President Donald Trump said a 25-cent fuel tax increase would be needed to pay for his new infrastructure plan, a Democratic senator told CNN on Thursday.
The comments by Trump, according to Sen. Tom Carper, came during a bipartisan infrastructure meeting at the White House on Wednesday. Carper is the ranking Democrat on the Senate’s Environment and Public Works Committee.
"He said that he knew it was a difficult thing for legislators to support and said that he would support the leadership to do that and provide the political cover to do that," Carper told CNN. "And he came back to that theme again and again and again."
Republican Sen. Jim Inhofe of Oklahoma, who was also at the White House meeting on Wednesday, told CNN that the president was not advocating for a fuel tax.
“He was looking at all the options,” the Republican said. “All he said was we need to do something and that is still on the table.
Inafoe went on to tell CNN that Carper’s comments were a “combination of exaggeration and wishful thinking.”
President Trump sent his long-awaited infrastructure funding outline to Congress on Monday. The 55-page document leaves most funding decisions to lawmakers, but calls for the creation of legislation that will “stimulate at least $1.5 trillion in new investment over 10 years.”
Besides recommending expanded tolling and ramping up privatization of rest areas, it also seeks significant changes to existing workforce development programs.
Chris Spear, president and CEO of the American Trucking Associations (ATA), said the plan "unfortunately falls short of the president’s campaign promise to go big and bold, because it lacks the required federal investment. A proposal that relies on fake funding schemes like highway tolls and privatizing rest areas will not generate the revenue necessary to make significant infrastructure improvements."

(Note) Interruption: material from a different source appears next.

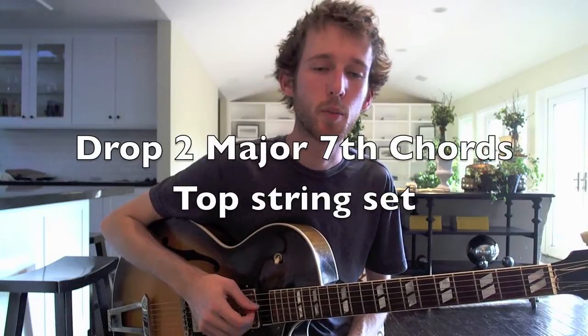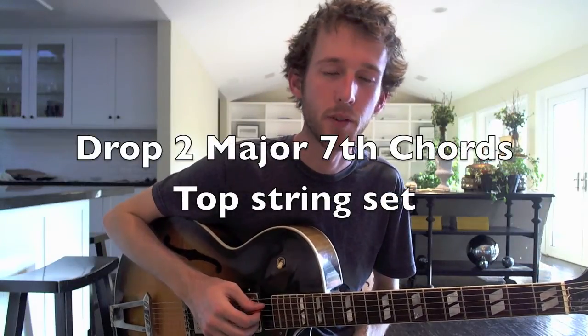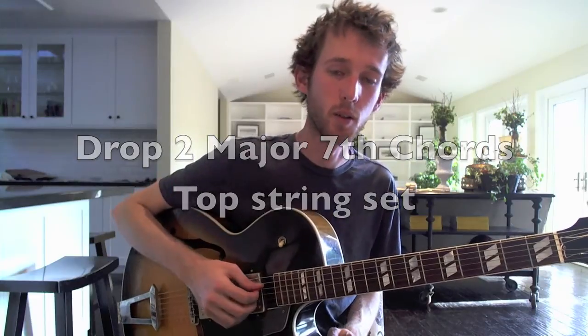In this lesson I'll be talking about major 7th chords on only the top four strings. There are four chords, and each chord has a root, third, fifth, and seventh. There are no incomplete chords.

Last year, ATA proposed that an extra 20-cent per gallon “fee” be built into the price of transportation fuels collected at the terminal rack – an extra fuel tax to be phased in over four years with the monies dedicated solely to the Highway Trust Fund (HTF) for roadway expansion and upkeep needs. Meanwhile, the U.S. Chamber of Commerce went a step further back in January and called for a 25-cent per gallon hike in federal fuel taxes, which would also be phased-in over five years. The federal fuel tax rate, which hasn’t been raised in nearly 25 years, is 18.4 cents per gallon for gasoline and 24.4 cents per gallon for diesel.

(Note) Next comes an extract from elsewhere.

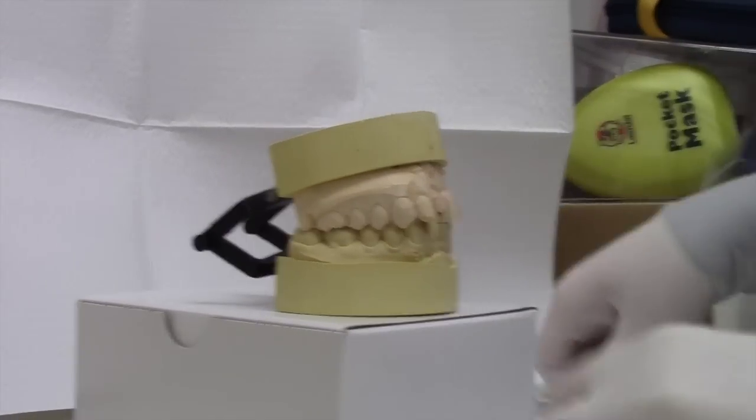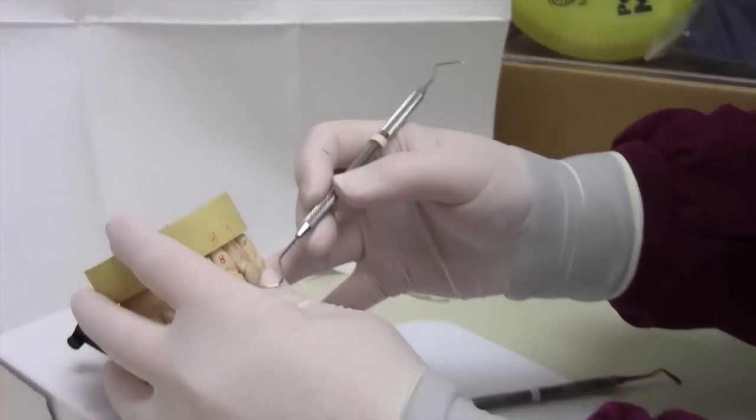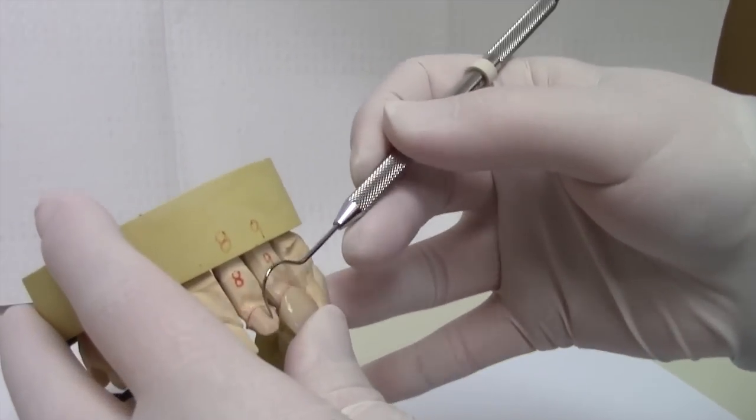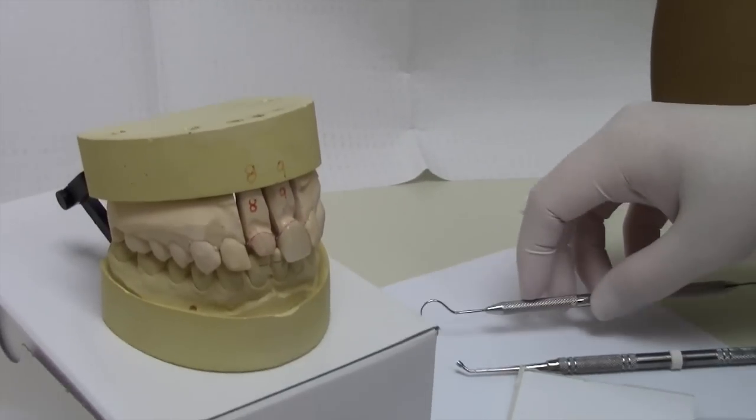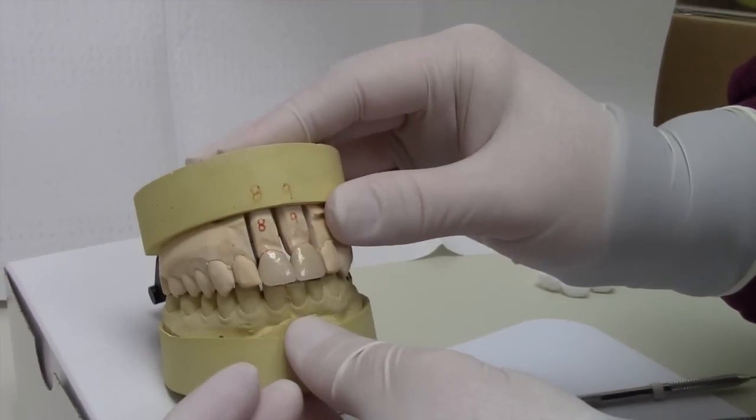First, you must clean the dry cement out of the temporary crown and off of the tooth. Try the temporary crown on, making sure it feels normal.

The administration has stressed that the how the transportation plan is funded is far from decided.
“Everything is on the table,” Transportation Secretary Elaine Chao told reporters at the White House on Tuesday. “The gas tax, like many of the other pay-fors that are being discussed, is not ideal. There are pros and cons.”
Chao on Tuesday noted that a hike in the gas tax could have an “adverse impact, a very regressive impact, on the most vulnerable within our society.”
“So these are tough decisions,” the secretary went on to say,” which is why, once again, we need to start the dialogue with the Congress and so we can address these issues on this very important point.”